Blue Sofa Celebrates Its Premiere in Luxembourg

Bertelsmann’s “Blue Sofa” literature format made its debut in Luxembourg. The premiere featured Jenny Erpenbeck, Daniel Wisser, and Samuel Hamen, three award-winning authors from Luxembourg, Austria and Germany. They treated the more than 120 guests in the auditorium of the Bibliothèque nationale du Luxembourg to an entertaining evening of literature.

Bertelsmann’s well-known literature format “The Blue Sofa” visited Luxembourg yesterday for the first time ever. Jenny Erpenbeck, Daniel Wisser and Samuel Hamen, three award-winning authors from Luxembourg, Austria and Germany, made the journey to the Bibliothèque nationale du Luxembourg for the occasion. The literary evening was hosted by Susanne Biedenkopf (ZDF), Michael Sahr (ZDF) and the Luxembourger literary critic Jérôme Jaminet (RTL). Among the more than 120 guests were two ministers from Luxembourg, the German ambassador and his wife, the Austrian ambassador, and several representatives of RTL Group’s top management. 

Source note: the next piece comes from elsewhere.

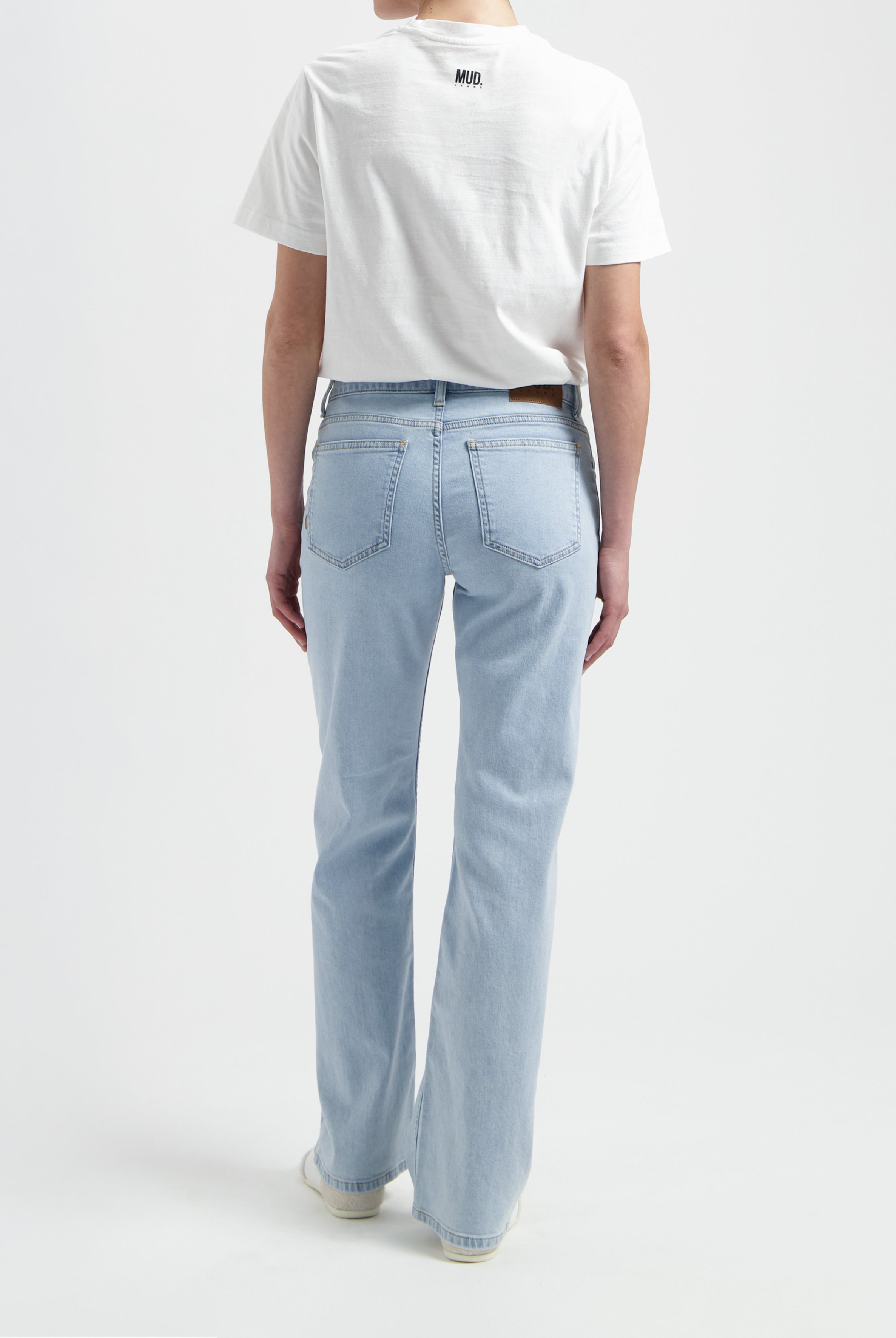 Model wearing light blue MUD Jeans made from organic cotton, paired with a white short-sleeve top, viewed from the back.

“Bertelsmann and Luxembourg share a long, trusting partnership,” said Karin Schlautmann, Head of Bertelsmann Corporate Communications, in her welcoming remarks. “This is the headquarters of our largest division, RTL Group, and this is where RTL creates television, radio, and digital offerings for Luxembourg - with a public-service programming mandate.” The Grand Duchy is also home to Bertelsmann’s international services company Majorel, he said. Incidentally, the Bibliothèque nationale du Luxembourg is based on Kirchberg in Luxembourg, just like RTL Group. Karin Schlautmann was pleased to announce to the sell-out audience in the auditorium of the National Library an entertaining literary evening in which “connections between various book worlds, language regions, and genres” would be established. For despite all the differences in style and genre, one trait the three featured authors shared was that they were able to keep the audience spellbound with excerpts from their works, as well as in conversation with the moderators. 

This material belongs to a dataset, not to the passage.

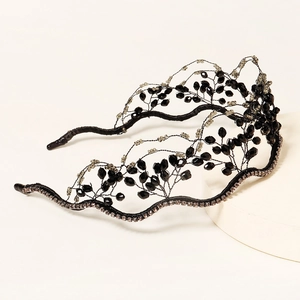 Elegant vintage black crystal beaded headband with gold accents and crown leaf design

Jenny Erpenbeck, who according to Zurich’s Neue Zürcher Zeitung is “one of the most powerful voices in contemporary German-language literature,”  tells the story of an odd couple in the borderland between love and lies, happiness and violence, hatred and hope, against the backdrop of the declining GDR and the upheaval after 1989 in her novel “Kairos” (Penguin Verlag). The stories of the Austrian author Daniel Wisser in “Die erfundene Frau” (Btb) are about lust and frustration in love, of which sometimes nothing more remains than a dead dog in a Louis Vuitton bag. With wit and great empathy, he describes how, in their attempts not to be a failure, his characters keep failing time and again. Meanwhile, in his book, published just a few days ago by Matthes & Seitz Berlin, Luxembourg author Samuel HamenIn portrays a creature not found in his homeland: jellyfish, the amazing “lungs of the seas.” For him, they are the most enigmatic and at the same time beguiling creatures of the animal kingdom. The author Julia Holbe, who was originally to complete the literary foursome that evening, unfortunately had to cancel her participation at short notice for personal reasons.

In more than two decades, the Blue Sofa organized by Bertelsmann, ZDF, Deutschlandradio Kultur and 3sat has become one of the most successful literary formats in the German-speaking world. More than 3,100 authors have taken a seat on the “authors’ steppingstone to fame” (“Der Spiegel”) and presented their books since the first Frankfurt Book Fair in 2000. For years, Bertelsmann has been involved in cultural activities in a variety of ways, both nationally and internationally. Its “Culture@Bertelsmann” activities include exhibitions, readings and concerts, “Das Blaue Sofa,” as well as its commitment to preserving Europe’s cultural heritage, as in the case of the Ricordi Archive in Milan, which houses original documents from 200 years of Italian opera history. As a company with a long cinematic history of its own, Bertelsmann is also advocating for the restoration, digitization, and screening of significant silent films.